## DATA FOR THIS TASK
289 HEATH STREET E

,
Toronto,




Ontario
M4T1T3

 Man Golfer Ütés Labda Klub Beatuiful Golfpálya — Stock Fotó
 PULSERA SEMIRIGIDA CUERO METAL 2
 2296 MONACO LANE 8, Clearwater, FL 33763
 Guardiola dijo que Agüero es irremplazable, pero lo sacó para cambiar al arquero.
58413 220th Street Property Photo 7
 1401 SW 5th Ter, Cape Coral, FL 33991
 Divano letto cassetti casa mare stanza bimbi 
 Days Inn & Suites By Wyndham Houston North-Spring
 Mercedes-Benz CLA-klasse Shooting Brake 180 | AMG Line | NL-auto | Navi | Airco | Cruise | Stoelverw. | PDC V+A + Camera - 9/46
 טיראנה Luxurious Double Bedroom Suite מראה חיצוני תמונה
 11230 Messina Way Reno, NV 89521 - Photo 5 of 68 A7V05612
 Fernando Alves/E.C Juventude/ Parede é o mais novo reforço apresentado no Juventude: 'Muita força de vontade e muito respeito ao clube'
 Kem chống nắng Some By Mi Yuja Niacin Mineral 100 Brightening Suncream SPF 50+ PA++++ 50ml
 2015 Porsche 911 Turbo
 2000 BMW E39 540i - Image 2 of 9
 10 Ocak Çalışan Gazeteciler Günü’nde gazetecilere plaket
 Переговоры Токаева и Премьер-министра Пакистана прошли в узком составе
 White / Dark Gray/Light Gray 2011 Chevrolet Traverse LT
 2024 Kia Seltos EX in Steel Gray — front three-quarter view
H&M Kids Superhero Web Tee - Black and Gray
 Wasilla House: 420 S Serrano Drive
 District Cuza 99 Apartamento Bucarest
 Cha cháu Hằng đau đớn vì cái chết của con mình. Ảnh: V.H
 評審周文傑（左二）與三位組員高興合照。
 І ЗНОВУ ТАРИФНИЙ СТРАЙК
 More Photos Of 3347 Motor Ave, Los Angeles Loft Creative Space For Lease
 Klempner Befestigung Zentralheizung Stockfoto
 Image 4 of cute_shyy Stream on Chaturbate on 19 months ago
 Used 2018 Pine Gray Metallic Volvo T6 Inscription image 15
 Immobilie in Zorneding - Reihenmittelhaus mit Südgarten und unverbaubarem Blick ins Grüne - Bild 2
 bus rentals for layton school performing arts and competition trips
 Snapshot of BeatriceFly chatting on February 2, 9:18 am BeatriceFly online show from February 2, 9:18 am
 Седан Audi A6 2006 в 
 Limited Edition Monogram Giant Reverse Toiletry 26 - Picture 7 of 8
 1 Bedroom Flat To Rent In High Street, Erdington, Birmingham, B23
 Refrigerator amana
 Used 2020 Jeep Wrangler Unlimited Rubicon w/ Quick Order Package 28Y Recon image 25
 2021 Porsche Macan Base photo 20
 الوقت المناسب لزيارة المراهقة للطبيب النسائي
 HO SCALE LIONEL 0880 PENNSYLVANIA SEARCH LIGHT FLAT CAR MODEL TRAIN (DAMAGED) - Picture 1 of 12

## EXERCISE INSTRUCTIONS
Each record above needs to be transcribed word for word.

## RESPONSE
289 HEATH STREET E

,
Toronto,




Ontario
M4T1T3

 Man Golfer Ütés Labda Klub Beatuiful Golfpálya — Stock Fotó
 PULSERA SEMIRIGIDA CUERO METAL 2
 2296 MONACO LANE 8, Clearwater, FL 33763
 Guardiola dijo que Agüero es irremplazable, pero lo sacó para cambiar al arquero.
58413 220th Street Property Photo 7
 1401 SW 5th Ter, Cape Coral, FL 33991
 Divano letto cassetti casa mare stanza bimbi 
 Days Inn & Suites By Wyndham Houston North-Spring
 Mercedes-Benz CLA-klasse Shooting Brake 180 | AMG Line | NL-auto | Navi | Airco | Cruise | Stoelverw. | PDC V+A + Camera - 9/46
 טיראנה Luxurious Double Bedroom Suite מראה חיצוני תמונה
 11230 Messina Way Reno, NV 89521 - Photo 5 of 68 A7V05612
 Fernando Alves/E.C Juventude/ Parede é o mais novo reforço apresentado no Juventude: 'Muita força de vontade e muito respeito ao clube'
 Kem chống nắng Some By Mi Yuja Niacin Mineral 100 Brightening Suncream SPF 50+ PA++++ 50ml
 2015 Porsche 911 Turbo
 2000 BMW E39 540i - Image 2 of 9
 10 Ocak Çalışan Gazeteciler Günü’nde gazetecilere plaket
 Переговоры Токаева и Премьер-министра Пакистана прошли в узком составе
 White / Dark Gray/Light Gray 2011 Chevrolet Traverse LT
 2024 Kia Seltos EX in Steel Gray — front three-quarter view
H&M Kids Superhero Web Tee - Black and Gray
 Wasilla House: 420 S Serrano Drive
 District Cuza 99 Apartamento Bucarest
 Cha cháu Hằng đau đớn vì cái chết của con mình. Ảnh: V.H
 評審周文傑（左二）與三位組員高興合照。
 І ЗНОВУ ТАРИФНИЙ СТРАЙК
 More Photos Of 3347 Motor Ave, Los Angeles Loft Creative Space For Lease
 Klempner Befestigung Zentralheizung Stockfoto
 Image 4 of cute_shyy Stream on Chaturbate on 19 months ago
 Used 2018 Pine Gray Metallic Volvo T6 Inscription image 15
 Immobilie in Zorneding - Reihenmittelhaus mit Südgarten und unverbaubarem Blick ins Grüne - Bild 2
 bus rentals for layton school performing arts and competition trips
 Snapshot of BeatriceFly chatting on February 2, 9:18 am BeatriceFly online show from February 2, 9:18 am
 Седан Audi A6 2006 в 
 Limited Edition Monogram Giant Reverse Toiletry 26 - Picture 7 of 8
 1 Bedroom Flat To Rent In High Street, Erdington, Birmingham, B23
 Refrigerator amana
 Used 2020 Jeep Wrangler Unlimited Rubicon w/ Quick Order Package 28Y Recon image 25
 2021 Porsche Macan Base photo 20
 الوقت المناسب لزيارة المراهقة للطبيب النسائي
 HO SCALE LIONEL 0880 PENNSYLVANIA SEARCH LIGHT FLAT CAR MODEL TRAIN (DAMAGED) - Picture 1 of 12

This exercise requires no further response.